As the economies and business conditions in emerging markets go through inevitable ups and downs, demand for global stock offerings also rises and falls. During times of growth and favorable conditions, foreign companies – attracted by flexible exchange rules and liquid stock exchanges – frequently turn to the U.S. as a source of raising capital.
Pursuant to the regulations of the Securities Act of 1933, as amended (‘Securities Act’), and the Securities Exchange Act of 1934, as amended (‘Exchange Act’), foreign private companies seeking a public offering in the U.S. market are required to name an agent for service of process (also referred to as process agent or contract agent).
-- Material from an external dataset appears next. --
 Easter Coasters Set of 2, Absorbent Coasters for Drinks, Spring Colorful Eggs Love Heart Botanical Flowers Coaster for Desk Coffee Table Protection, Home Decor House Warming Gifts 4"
In this type of securities offering, the process agent serves as the point of contact upon which legal process may be served in any action arising out of the securities offering against the foreign issuer.
Securities Act and Exchange Act Disclosure Requirements
Generally, the Securities Act requires companies wishing to offer and sell securities in the U.S. to file one of a series of registration statements with the Securities and Exchange Commission (SEC) for the issuance, or comply with certain requirements that deem the issuance exempt from such registration.
The Exchange Act requires companies to register classes of equity securities in order to list these securities on a national securities exchange in the U.S. The Exchange Act also requires companies to make periodic filings with the SEC to disclose information about their business operations, financial condition and management.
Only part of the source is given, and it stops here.